Quais as consequências de os alunos ficarem sem as obras literárias?

A presença da literatura em sala de aula, no trabalho cotidiano do professor com seus alunos, é essencial. Na educação infantil, por exemplo, em que não há o objetivo de alfabetização, o objetivo claro é fazer uma apresentação progressiva o livro, da literatura infantil, mesmo que ela seja instrumento de sala dos professores, que eles leiam as histórias, provocando esse interesse e que vai criando uma cultura de valorização do livro e da imaginação.

E quanto aos pagamentos do que está sendo entregue? Será possível honrar esse compromisso com as editoras?

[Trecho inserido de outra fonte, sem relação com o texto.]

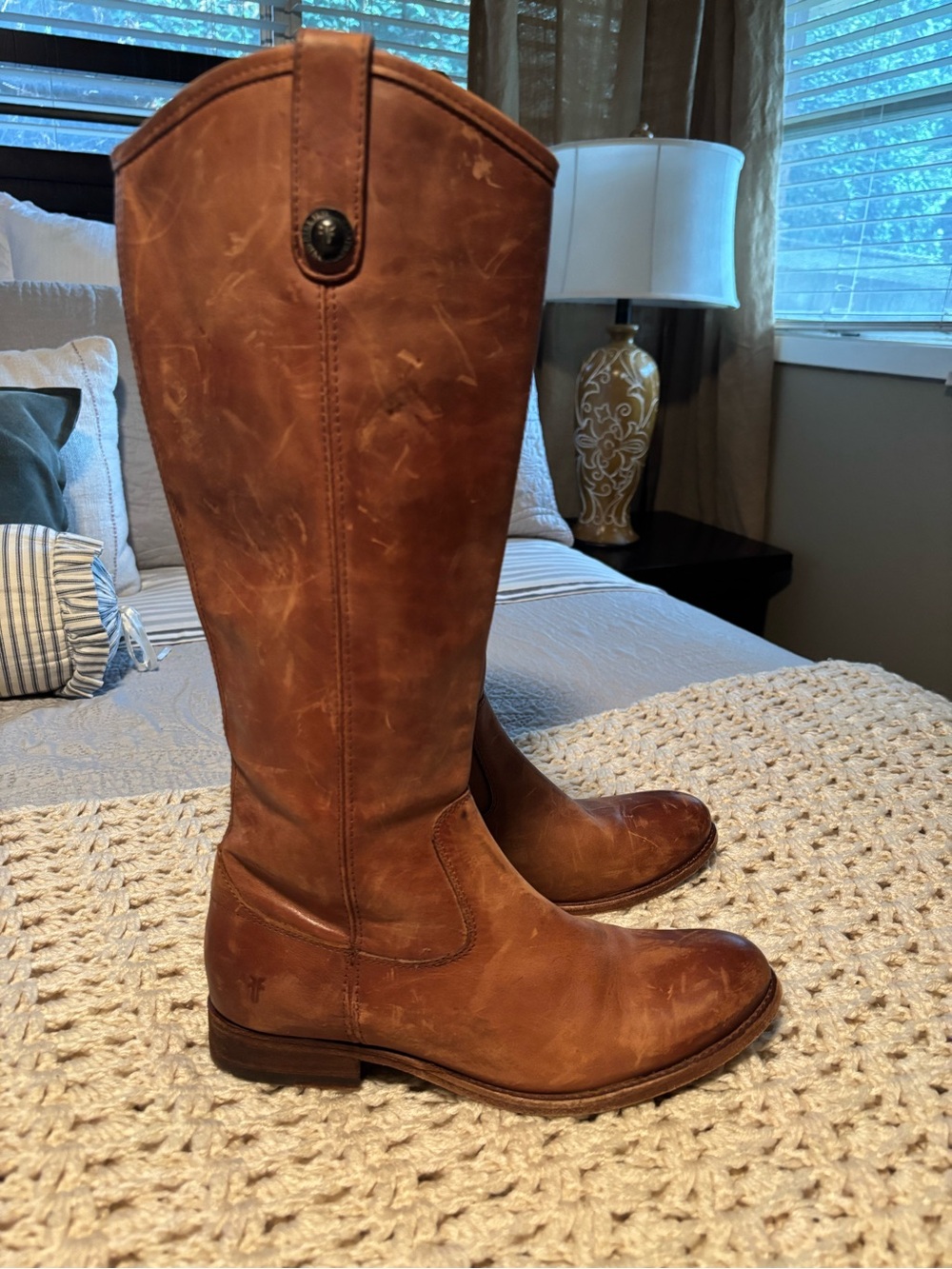 FRYE Tall Brown Leather Riding  Size 7 1/2 - Picture 2 of 14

A equipe de transição tem absoluta clareza de que isso é um ponto de emergência, que está colocado entre as providências emergenciais. Eu, pessoalmente, tenho a expectativa de que, pelo nível de responsabilidade social das editoras, e sabendo que elas estão cientes do compromisso do futuro governo em relação a esse tipo de subsídio para funcionamento das escolas, elas vão fazer todos os esforços para que a peteca não caia. O próximo governo certamente vai fazer tudo para que o fluxo seja restaurado entendendo que este é um insumo estratégico para o funcionamento das escolas brasileiras.

O próximo governo tem em mente uma proposta que vise dar mais proteção ao livro e ao material didático, evitando, assim, que eles fiquem reféns de decisões equivocadas ou em segundo plano para atender outros interesses?

Essa é uma convicção minha: a educação é uma política pública que não pode ficar à mercê de oscilações, principalmente aquelas causadas por oscilações de financiamento orçamentário. Elas são sempre duramente prejudiciais para área da educação, que é uma política de longo prazo. Se tiver uma crise, eu posso interromper a construção de uma rodovia e quando as coisas melhorarem eu reinicio de onde parei. No caso da Educação, da ciência, esses campos mais sensíveis, qualquer tipo de “barrigada” significa destruição de capital em inteligência. Um país como o Brasil tem que ter uma espécie de colchão protetor. Eu defendo a ideia de que, na área educacional e na área de ciências, é preciso ter uma espécie de colchão estabilizador protetivo contra instabilidades relacionadas a essas áreas.